(Beginning of Given records)

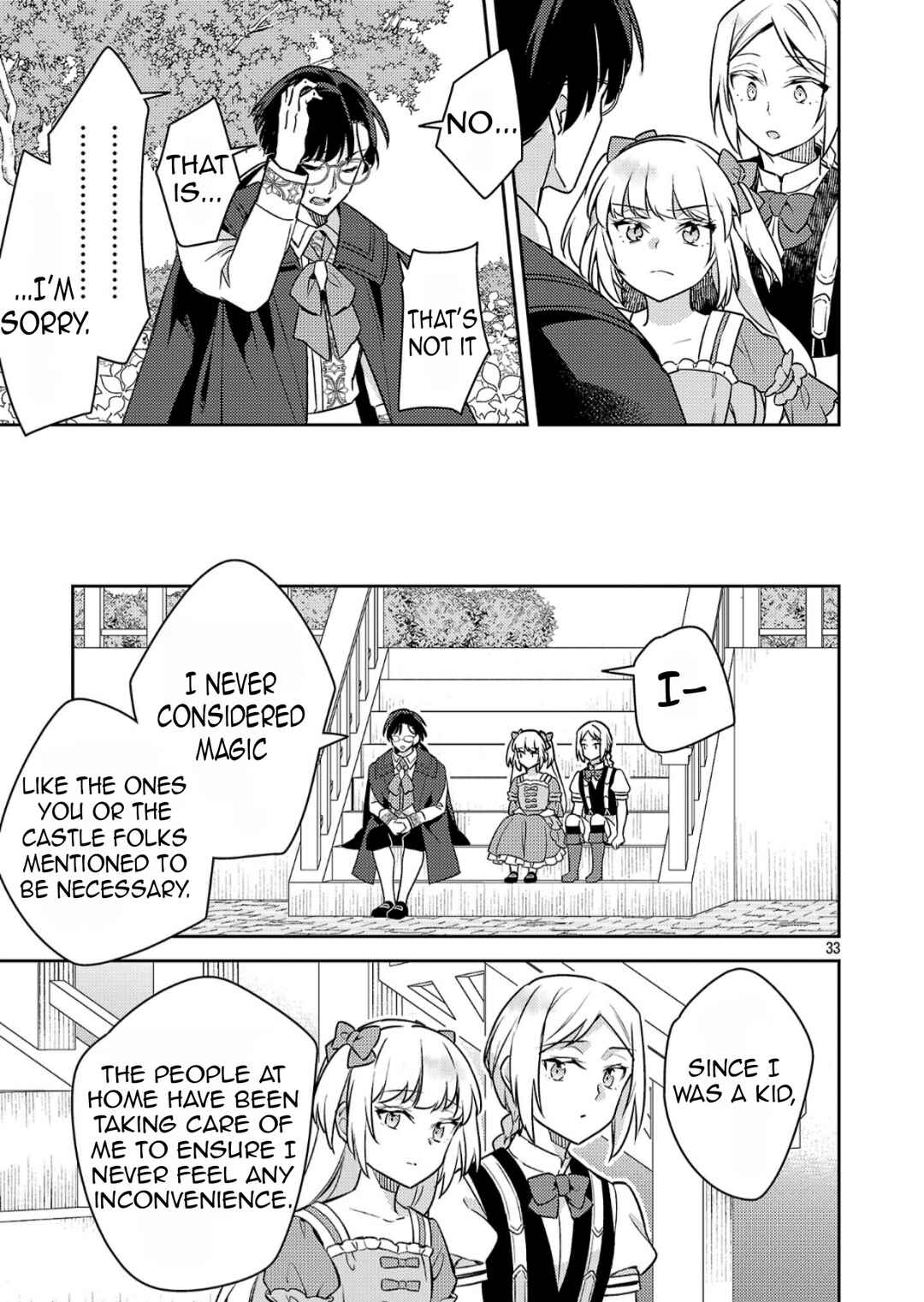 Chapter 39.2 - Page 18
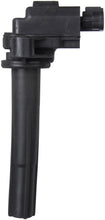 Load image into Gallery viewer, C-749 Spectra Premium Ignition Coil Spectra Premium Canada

(End of Given records)
(Beginning of Given records)

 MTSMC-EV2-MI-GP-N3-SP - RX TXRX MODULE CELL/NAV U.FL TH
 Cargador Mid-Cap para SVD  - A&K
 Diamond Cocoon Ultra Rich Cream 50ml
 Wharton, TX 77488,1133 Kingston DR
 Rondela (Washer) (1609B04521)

(End of Given records)

* Task prompt *
In the material above, one part opens with the line containing "Chapter 39.2 - Page 18" and closes with the line containing "Load image into". Write out that part exactly and skip its pictures.

* Response *
 Chapter 39.2 - Page 18
 Load image into Gallery viewer, C-749 Spectra Premium Ignition Coil Spectra Premium Canada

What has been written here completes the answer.